-- EXERCISE DATA follows --

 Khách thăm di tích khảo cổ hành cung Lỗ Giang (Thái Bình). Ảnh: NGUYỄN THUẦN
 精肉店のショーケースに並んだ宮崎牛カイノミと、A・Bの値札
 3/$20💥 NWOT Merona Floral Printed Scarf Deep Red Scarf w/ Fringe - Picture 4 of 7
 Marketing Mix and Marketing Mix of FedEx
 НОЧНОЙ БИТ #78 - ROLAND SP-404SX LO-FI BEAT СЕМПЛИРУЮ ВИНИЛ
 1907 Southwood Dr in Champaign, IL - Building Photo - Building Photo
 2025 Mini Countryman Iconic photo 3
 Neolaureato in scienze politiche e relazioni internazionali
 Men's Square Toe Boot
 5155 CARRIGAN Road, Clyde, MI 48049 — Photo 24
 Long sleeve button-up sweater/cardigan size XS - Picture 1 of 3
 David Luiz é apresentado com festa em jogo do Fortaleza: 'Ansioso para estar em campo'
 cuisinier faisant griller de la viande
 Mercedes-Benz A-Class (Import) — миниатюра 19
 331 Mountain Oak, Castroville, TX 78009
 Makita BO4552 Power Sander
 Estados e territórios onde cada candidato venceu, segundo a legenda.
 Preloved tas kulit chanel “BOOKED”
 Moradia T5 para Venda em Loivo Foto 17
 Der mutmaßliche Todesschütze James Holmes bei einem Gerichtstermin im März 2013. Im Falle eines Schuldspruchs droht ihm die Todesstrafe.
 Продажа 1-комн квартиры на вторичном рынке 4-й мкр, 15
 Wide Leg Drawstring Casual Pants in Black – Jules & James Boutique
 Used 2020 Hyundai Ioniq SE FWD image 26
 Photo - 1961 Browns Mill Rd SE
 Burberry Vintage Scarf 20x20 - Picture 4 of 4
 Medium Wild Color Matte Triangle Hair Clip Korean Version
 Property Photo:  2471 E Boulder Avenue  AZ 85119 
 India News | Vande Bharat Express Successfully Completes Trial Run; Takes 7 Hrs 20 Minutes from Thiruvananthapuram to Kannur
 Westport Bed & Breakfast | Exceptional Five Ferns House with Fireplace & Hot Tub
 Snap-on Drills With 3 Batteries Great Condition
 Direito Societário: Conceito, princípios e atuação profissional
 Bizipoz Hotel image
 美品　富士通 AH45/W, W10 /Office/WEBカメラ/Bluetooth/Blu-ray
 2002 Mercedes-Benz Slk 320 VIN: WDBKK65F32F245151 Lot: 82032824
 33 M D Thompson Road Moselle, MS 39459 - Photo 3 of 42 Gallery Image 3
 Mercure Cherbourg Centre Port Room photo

-- EXERCISE DATA concluded --

[WORK TO BE COMPLETED]: Looking only at the data above, say how many of its lines contain the string "James", and nothing more.

[SOLUTION TO THIS PROBLEM]: 2